ALLEN: Well, I want to ask you Ann Louise, while we wrap up here -- I take it that since you've been so invested in Cuba, you will continue to report on things there, correct?

BARDACH: Well, certainly for the next couple of weeks, which I would think will be very telling, especially the next week through the burial, which in itself is loaded with significance, we can discuss another time, how that came about this particular cemetery, why and where.

It's funny because Fidel Castro repeatedly said to me in our interviews, I don't give a whit about what happens to me. I don't know, maybe I'll get eaten by a shark when I'm deep sea fishing. I don't care. I don't care about glory or my name in history.

Well, nothing could be further from the truth and he's been working on his death, his burial and the processions we will see for some time now.

ALLEN: All right. Well, we thank you --

BARDACH: And I will guarantee you it will be spectacular, interesting and compelling.
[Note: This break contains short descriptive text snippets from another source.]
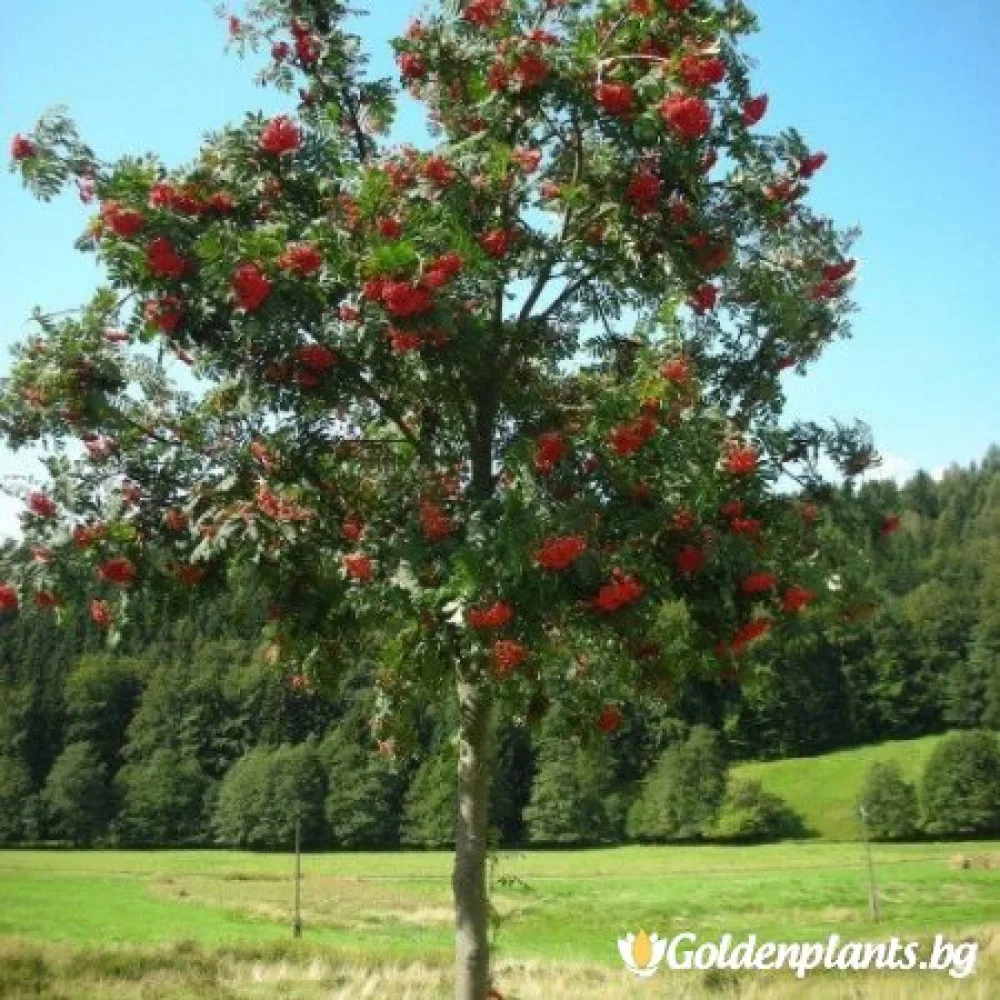 Офика / Самодивско дърво · за зелен двор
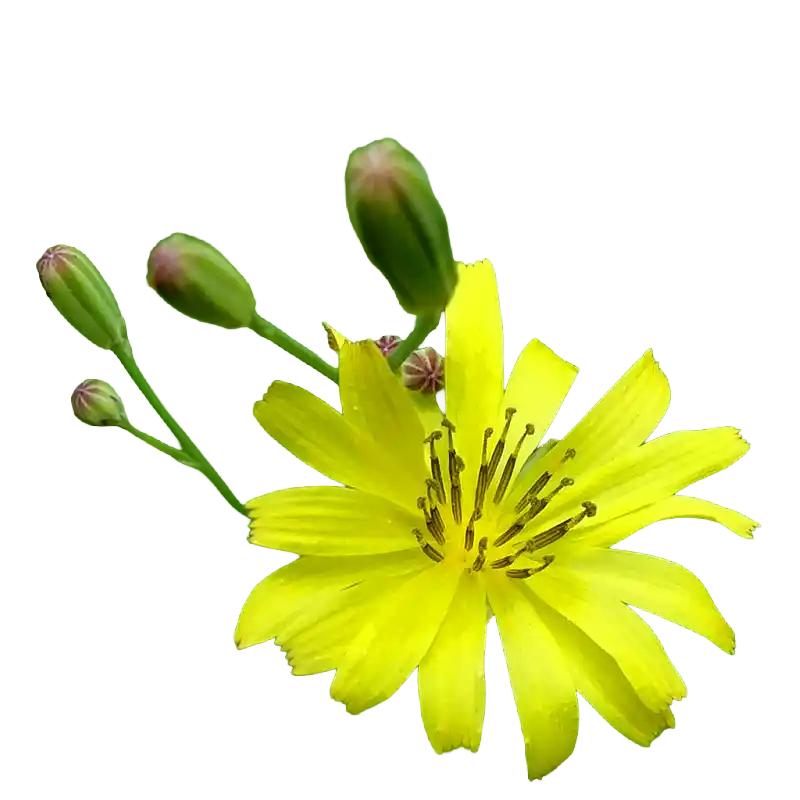 Chinese Ixeris (Ku Mai Cai)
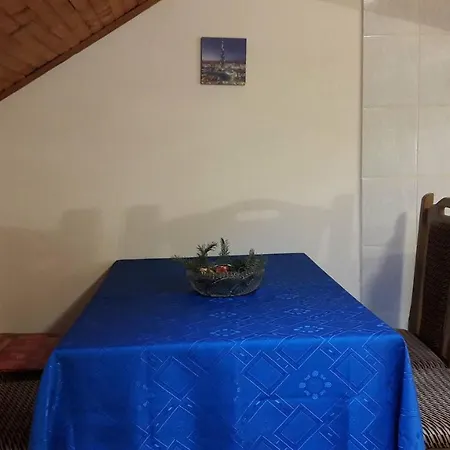 Sanja Soko Banja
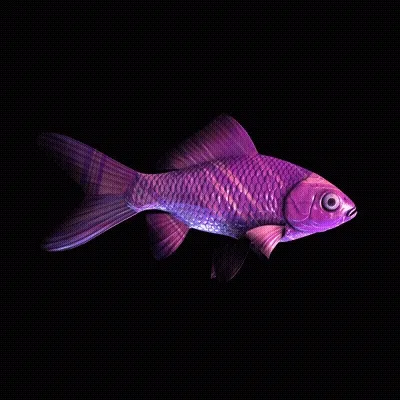 CryptoFish #969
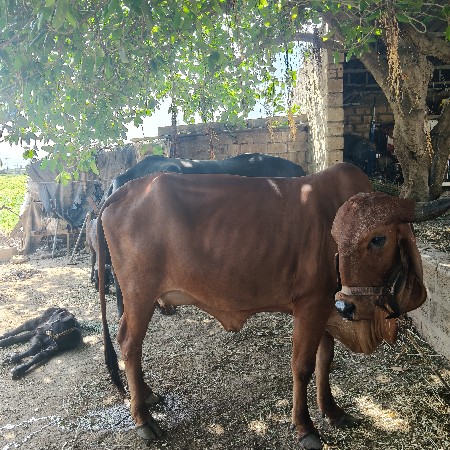 ગાય વેચવાની છે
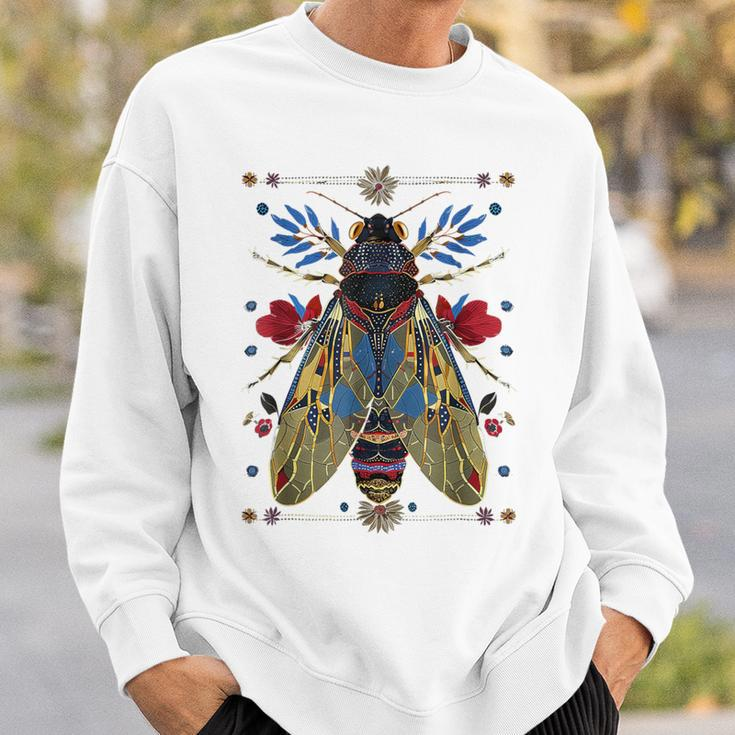 Cicada Entomology Lover Cicada Fest 2024 Broods Xix Xiii Sweatshirt Gifts for Him
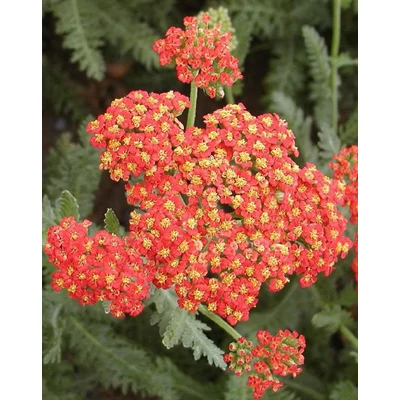 Achillea 'Safran' – Cickafark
ALLEN: Thank you, Ann Louise Bardach. We really appreciate it and we look forward to your stories about it. Thanks for joining.

BARDACH: My pleasure.

VANIER: A real slice of history there.

ALLEN: Yes.

VANIER: Fascinating. ALLEN: Absolutely.

VANIER: Let's see what's happening in Miami where crowds celebrated anew Fidel Castro's for a second day. Dozens of people gathered in front of the Versailles Restaurant in Little Havana -- that's a long- time haunt of the Cuban exile community.

ALLEN: People danced, waved Cuban flags and cars honked in support of (inaudible). Many Cuban Americans in Miami hope democracy is the next step for Cuba.

(BEGIN VIDEO CLIP)

JOHNNY CARDONA, CUBAN-AMERICAN SHOP OWNER: I have no intent going back to Cuba. So not even to visit, unless -- unless the government falls or there is a little bit more democracy.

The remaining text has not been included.